Return the run of lines below that opens with the line containing "Beverly 350 novembre 2019" and closes with the line containing "3605 S Crosspoint Avenue Property Photo 12", keeping each one exact.

[Start of section]

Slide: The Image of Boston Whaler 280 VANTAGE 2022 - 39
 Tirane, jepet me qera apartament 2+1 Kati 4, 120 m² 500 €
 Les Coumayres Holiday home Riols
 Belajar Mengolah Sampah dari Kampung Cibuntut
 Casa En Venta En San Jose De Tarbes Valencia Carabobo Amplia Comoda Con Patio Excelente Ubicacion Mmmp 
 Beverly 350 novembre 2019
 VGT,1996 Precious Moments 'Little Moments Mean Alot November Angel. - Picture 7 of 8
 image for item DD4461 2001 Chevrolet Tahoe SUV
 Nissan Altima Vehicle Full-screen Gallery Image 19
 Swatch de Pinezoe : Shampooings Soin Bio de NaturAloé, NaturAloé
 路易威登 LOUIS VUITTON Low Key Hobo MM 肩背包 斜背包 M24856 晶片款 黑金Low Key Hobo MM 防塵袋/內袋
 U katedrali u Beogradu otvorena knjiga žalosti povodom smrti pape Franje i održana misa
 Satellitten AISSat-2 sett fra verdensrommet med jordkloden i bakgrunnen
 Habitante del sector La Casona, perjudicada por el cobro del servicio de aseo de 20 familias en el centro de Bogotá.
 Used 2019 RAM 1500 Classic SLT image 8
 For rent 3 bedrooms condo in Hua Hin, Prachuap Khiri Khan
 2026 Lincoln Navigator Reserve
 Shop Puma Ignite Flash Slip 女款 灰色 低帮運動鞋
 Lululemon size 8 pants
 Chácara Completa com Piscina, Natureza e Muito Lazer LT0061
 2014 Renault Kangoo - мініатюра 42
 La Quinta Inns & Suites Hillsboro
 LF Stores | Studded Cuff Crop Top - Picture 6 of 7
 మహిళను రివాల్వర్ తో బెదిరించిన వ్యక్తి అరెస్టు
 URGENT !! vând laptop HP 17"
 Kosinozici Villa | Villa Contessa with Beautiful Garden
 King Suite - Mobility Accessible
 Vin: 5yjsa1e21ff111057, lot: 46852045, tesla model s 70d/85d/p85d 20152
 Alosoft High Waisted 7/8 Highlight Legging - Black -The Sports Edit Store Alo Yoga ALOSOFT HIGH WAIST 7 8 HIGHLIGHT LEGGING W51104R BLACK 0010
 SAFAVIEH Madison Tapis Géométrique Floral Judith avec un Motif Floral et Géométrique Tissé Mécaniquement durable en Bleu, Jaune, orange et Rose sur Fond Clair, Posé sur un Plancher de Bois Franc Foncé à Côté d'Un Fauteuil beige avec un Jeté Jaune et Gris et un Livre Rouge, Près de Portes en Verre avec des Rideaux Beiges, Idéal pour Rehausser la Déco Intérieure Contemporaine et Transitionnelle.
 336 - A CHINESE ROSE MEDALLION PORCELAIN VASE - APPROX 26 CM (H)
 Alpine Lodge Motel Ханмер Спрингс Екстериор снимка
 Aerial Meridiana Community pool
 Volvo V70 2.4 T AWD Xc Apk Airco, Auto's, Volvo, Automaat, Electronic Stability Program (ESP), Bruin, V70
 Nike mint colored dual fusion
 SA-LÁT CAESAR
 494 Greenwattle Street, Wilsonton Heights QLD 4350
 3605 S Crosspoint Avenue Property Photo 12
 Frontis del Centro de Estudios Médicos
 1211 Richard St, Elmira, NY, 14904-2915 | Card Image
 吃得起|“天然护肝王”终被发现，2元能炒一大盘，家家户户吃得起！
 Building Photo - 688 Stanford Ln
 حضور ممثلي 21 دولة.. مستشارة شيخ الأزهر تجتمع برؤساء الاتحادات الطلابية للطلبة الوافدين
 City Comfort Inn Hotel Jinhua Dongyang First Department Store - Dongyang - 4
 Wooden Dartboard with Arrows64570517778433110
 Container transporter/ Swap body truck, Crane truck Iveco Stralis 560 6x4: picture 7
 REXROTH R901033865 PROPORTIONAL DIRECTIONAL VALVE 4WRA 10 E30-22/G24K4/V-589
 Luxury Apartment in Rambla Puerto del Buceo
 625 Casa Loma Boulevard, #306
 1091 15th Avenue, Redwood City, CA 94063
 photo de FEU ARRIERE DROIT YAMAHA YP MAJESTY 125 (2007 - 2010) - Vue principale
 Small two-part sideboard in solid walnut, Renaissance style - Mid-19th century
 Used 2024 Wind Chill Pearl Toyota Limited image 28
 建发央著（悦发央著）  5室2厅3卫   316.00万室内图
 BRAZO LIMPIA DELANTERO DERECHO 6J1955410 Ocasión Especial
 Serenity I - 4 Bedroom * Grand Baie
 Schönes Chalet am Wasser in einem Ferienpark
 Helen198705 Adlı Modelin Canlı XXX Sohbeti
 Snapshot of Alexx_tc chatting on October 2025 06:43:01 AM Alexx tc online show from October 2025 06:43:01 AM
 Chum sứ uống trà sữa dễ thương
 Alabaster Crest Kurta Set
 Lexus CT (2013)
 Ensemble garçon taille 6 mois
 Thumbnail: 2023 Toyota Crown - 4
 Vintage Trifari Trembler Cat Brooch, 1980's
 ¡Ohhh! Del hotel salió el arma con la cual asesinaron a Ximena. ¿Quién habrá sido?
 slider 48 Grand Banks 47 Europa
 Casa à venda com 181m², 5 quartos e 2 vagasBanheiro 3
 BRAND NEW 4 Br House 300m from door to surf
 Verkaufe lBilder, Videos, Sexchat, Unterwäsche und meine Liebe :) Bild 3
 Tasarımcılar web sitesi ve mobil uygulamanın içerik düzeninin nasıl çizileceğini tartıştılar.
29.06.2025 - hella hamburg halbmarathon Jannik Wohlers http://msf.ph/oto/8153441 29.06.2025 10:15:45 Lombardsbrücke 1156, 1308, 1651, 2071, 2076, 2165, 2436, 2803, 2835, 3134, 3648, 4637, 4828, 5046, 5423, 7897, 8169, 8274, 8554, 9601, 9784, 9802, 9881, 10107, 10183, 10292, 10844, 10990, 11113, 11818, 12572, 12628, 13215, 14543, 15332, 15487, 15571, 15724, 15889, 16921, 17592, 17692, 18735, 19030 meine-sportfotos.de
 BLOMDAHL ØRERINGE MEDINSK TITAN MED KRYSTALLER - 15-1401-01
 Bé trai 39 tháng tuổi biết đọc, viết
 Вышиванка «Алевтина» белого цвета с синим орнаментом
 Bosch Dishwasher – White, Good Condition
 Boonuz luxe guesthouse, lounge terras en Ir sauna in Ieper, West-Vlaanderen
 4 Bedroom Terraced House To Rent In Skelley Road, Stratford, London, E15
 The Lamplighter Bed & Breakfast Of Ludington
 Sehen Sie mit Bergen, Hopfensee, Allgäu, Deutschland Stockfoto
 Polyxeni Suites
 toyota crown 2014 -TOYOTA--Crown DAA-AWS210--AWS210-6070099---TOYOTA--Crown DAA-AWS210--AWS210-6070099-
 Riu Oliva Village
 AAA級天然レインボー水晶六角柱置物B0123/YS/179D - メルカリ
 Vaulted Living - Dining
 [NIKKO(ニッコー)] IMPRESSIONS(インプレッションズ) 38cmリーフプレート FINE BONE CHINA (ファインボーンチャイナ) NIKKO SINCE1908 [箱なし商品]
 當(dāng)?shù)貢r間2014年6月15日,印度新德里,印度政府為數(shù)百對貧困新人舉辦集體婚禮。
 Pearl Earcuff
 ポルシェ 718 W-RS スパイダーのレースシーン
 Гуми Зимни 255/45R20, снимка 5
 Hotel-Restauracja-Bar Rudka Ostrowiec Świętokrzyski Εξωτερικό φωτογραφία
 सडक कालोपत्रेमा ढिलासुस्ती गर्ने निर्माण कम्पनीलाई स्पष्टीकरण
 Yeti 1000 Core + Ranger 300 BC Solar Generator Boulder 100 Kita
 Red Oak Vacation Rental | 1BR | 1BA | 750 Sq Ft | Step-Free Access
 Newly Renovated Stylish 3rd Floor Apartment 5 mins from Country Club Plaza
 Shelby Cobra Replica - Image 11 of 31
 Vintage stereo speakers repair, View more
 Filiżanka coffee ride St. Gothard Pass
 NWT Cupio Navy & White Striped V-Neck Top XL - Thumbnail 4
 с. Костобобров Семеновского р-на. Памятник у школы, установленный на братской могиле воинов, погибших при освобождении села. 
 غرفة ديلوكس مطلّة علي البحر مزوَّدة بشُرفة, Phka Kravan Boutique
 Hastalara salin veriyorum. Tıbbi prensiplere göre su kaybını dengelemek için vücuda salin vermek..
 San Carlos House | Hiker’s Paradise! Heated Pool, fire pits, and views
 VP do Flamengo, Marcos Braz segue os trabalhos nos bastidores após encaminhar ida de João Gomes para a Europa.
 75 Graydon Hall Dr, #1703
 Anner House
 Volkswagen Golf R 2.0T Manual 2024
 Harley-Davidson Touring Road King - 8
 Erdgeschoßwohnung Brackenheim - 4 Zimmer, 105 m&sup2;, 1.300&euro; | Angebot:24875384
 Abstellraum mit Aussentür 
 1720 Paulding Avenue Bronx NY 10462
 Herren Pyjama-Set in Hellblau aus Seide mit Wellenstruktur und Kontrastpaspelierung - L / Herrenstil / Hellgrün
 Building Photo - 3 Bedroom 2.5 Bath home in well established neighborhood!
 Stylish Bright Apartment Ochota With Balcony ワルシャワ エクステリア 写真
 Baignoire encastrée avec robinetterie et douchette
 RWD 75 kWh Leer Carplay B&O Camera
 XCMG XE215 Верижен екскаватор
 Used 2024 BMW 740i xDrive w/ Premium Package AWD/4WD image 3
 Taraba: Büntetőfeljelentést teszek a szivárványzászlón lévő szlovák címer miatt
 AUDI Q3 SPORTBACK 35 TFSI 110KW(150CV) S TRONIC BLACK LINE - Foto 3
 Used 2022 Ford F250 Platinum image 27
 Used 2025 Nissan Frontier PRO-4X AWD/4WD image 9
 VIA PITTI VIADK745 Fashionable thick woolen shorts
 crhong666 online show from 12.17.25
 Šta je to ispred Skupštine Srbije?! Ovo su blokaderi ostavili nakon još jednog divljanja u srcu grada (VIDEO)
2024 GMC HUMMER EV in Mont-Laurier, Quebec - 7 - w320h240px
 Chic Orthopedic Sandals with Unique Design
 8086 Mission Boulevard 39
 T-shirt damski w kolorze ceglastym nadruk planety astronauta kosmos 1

[End of section]

▸ **Solution to the problem**:
 Beverly 350 novembre 2019
 VGT,1996 Precious Moments 'Little Moments Mean Alot November Angel. - Picture 7 of 8
 image for item DD4461 2001 Chevrolet Tahoe SUV
 Nissan Altima Vehicle Full-screen Gallery Image 19
 Swatch de Pinezoe : Shampooings Soin Bio de NaturAloé, NaturAloé
 路易威登 LOUIS VUITTON Low Key Hobo MM 肩背包 斜背包 M24856 晶片款 黑金Low Key Hobo MM 防塵袋/內袋
 U katedrali u Beogradu otvorena knjiga žalosti povodom smrti pape Franje i održana misa
 Satellitten AISSat-2 sett fra verdensrommet med jordkloden i bakgrunnen
 Habitante del sector La Casona, perjudicada por el cobro del servicio de aseo de 20 familias en el centro de Bogotá.
 Used 2019 RAM 1500 Classic SLT image 8
 For rent 3 bedrooms condo in Hua Hin, Prachuap Khiri Khan
 2026 Lincoln Navigator Reserve
 Shop Puma Ignite Flash Slip 女款 灰色 低帮運動鞋
 Lululemon size 8 pants
 Chácara Completa com Piscina, Natureza e Muito Lazer LT0061
 2014 Renault Kangoo - мініатюра 42
 La Quinta Inns & Suites Hillsboro
 LF Stores | Studded Cuff Crop Top - Picture 6 of 7
 మహిళను రివాల్వర్ తో బెదిరించిన వ్యక్తి అరెస్టు
 URGENT !! vând laptop HP 17"
 Kosinozici Villa | Villa Contessa with Beautiful Garden
 King Suite - Mobility Accessible
 Vin: 5yjsa1e21ff111057, lot: 46852045, tesla model s 70d/85d/p85d 20152
 Alosoft High Waisted 7/8 Highlight Legging - Black -The Sports Edit Store Alo Yoga ALOSOFT HIGH WAIST 7 8 HIGHLIGHT LEGGING W51104R BLACK 0010
 SAFAVIEH Madison Tapis Géométrique Floral Judith avec un Motif Floral et Géométrique Tissé Mécaniquement durable en Bleu, Jaune, orange et Rose sur Fond Clair, Posé sur un Plancher de Bois Franc Foncé à Côté d'Un Fauteuil beige avec un Jeté Jaune et Gris et un Livre Rouge, Près de Portes en Verre avec des Rideaux Beiges, Idéal pour Rehausser la Déco Intérieure Contemporaine et Transitionnelle.
 336 - A CHINESE ROSE MEDALLION PORCELAIN VASE - APPROX 26 CM (H)
 Alpine Lodge Motel Ханмер Спрингс Екстериор снимка
 Aerial Meridiana Community pool
 Volvo V70 2.4 T AWD Xc Apk Airco, Auto's, Volvo, Automaat, Electronic Stability Program (ESP), Bruin, V70
 Nike mint colored dual fusion
 SA-LÁT CAESAR
 494 Greenwattle Street, Wilsonton Heights QLD 4350
 3605 S Crosspoint Avenue Property Photo 12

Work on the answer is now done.